[Stored records]
****************************************

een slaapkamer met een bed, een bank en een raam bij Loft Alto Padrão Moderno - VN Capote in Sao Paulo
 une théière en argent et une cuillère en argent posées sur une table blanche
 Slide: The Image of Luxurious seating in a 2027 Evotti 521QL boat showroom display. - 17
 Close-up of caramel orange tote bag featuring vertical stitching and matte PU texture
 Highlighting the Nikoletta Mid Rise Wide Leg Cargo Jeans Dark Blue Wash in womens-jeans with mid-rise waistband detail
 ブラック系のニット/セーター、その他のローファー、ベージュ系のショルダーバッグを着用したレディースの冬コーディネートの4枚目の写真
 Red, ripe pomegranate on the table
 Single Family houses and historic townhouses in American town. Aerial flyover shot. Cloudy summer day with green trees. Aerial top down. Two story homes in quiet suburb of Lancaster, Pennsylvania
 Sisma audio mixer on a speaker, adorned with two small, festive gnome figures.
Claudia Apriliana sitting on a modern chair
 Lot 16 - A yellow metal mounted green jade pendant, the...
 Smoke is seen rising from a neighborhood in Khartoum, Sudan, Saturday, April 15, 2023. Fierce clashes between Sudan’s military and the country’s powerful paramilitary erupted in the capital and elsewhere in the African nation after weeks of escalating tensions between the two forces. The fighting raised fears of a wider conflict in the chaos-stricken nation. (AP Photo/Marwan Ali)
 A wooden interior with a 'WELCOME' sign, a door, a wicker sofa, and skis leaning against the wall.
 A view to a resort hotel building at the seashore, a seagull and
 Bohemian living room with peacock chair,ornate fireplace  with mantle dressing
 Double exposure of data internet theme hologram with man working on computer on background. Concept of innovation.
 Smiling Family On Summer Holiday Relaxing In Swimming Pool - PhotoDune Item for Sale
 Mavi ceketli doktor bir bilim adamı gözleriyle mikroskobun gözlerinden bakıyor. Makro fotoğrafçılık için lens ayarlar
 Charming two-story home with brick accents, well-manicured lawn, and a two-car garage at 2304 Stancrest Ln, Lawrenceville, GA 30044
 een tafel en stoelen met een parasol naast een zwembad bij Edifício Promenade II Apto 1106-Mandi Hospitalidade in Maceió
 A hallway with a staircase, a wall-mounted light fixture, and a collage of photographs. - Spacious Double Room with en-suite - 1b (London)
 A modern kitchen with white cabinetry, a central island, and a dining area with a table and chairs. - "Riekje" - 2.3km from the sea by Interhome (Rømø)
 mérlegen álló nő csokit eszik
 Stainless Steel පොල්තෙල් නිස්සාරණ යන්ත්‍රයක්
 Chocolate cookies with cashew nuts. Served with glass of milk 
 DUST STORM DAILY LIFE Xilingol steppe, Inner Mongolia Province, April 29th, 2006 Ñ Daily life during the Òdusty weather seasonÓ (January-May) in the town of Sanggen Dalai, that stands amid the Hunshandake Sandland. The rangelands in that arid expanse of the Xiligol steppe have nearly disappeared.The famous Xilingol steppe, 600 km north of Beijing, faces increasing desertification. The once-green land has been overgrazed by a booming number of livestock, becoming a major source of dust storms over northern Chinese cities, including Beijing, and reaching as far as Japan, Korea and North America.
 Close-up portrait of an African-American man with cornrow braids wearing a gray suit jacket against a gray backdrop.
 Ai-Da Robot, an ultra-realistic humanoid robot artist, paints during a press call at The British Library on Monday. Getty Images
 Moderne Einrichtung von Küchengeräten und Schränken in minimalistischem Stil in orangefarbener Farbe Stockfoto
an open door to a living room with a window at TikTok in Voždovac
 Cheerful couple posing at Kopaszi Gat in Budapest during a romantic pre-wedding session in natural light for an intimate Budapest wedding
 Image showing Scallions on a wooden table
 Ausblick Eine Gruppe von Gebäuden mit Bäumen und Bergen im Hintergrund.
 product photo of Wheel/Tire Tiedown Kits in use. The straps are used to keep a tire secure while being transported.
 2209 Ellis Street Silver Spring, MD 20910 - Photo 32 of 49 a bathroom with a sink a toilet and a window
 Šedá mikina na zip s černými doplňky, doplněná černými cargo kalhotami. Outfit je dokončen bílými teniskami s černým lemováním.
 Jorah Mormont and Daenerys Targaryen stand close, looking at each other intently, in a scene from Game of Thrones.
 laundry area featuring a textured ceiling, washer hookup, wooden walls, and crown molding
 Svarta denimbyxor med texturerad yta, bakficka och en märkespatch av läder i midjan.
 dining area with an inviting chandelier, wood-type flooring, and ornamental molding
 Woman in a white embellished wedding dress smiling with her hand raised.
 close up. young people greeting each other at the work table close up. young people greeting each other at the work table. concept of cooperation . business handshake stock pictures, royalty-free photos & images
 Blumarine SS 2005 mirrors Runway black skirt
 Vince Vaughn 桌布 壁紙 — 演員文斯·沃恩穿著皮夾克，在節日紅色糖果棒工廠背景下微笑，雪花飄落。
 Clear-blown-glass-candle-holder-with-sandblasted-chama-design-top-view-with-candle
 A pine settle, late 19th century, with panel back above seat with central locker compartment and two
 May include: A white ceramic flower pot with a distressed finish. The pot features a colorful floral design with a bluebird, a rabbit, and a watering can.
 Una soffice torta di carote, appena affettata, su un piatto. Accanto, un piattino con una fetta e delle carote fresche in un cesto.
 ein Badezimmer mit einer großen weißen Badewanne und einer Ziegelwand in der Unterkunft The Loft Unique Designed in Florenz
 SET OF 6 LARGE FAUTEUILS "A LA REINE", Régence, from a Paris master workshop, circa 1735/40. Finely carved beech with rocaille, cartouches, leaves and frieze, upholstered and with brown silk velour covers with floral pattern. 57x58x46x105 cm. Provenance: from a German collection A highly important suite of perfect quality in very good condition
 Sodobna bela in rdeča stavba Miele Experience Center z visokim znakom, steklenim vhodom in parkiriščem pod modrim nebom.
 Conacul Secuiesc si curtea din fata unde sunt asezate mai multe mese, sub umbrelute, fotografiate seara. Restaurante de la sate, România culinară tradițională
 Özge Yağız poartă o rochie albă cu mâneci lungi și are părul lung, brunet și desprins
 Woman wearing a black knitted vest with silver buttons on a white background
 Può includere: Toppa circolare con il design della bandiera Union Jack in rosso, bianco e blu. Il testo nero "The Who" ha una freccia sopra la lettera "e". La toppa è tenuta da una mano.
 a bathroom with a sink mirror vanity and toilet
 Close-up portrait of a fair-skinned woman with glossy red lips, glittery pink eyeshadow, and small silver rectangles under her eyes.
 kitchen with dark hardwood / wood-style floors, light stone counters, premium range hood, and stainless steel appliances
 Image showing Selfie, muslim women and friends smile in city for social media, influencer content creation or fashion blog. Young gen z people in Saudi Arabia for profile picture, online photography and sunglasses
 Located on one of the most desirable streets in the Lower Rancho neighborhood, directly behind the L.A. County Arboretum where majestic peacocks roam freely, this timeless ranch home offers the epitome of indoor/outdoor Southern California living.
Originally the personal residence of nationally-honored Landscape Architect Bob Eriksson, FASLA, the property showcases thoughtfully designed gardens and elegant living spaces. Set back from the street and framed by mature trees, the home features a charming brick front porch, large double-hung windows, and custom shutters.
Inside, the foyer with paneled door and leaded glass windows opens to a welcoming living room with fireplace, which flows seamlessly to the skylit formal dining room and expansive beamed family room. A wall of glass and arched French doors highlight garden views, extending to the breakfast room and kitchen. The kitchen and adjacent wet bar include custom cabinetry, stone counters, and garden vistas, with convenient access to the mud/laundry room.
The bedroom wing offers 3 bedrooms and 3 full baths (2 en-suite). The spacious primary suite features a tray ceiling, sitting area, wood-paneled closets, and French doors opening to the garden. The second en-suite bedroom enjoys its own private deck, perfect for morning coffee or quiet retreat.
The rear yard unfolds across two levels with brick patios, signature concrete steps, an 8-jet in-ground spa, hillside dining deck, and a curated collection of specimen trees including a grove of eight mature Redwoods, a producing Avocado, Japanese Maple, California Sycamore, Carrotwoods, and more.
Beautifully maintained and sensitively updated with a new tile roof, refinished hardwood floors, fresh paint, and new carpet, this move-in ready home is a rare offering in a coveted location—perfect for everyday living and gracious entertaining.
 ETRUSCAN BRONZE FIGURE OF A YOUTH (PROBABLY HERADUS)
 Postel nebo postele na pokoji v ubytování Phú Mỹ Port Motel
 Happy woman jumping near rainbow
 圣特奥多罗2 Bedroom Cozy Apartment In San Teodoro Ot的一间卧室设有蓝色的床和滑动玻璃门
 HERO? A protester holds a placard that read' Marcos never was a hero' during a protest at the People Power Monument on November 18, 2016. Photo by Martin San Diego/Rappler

****************************************

Using the data above, extract exactly the lines from the one that holds "Cheerful couple posing" to the one that holds "dining area with an", both ends included, and no others.

### Solution to this exercise
 Cheerful couple posing at Kopaszi Gat in Budapest during a romantic pre-wedding session in natural light for an intimate Budapest wedding
 Image showing Scallions on a wooden table
 Ausblick Eine Gruppe von Gebäuden mit Bäumen und Bergen im Hintergrund.
 product photo of Wheel/Tire Tiedown Kits in use. The straps are used to keep a tire secure while being transported.
 2209 Ellis Street Silver Spring, MD 20910 - Photo 32 of 49 a bathroom with a sink a toilet and a window
 Šedá mikina na zip s černými doplňky, doplněná černými cargo kalhotami. Outfit je dokončen bílými teniskami s černým lemováním.
 Jorah Mormont and Daenerys Targaryen stand close, looking at each other intently, in a scene from Game of Thrones.
 laundry area featuring a textured ceiling, washer hookup, wooden walls, and crown molding
 Svarta denimbyxor med texturerad yta, bakficka och en märkespatch av läder i midjan.
 dining area with an inviting chandelier, wood-type flooring, and ornamental molding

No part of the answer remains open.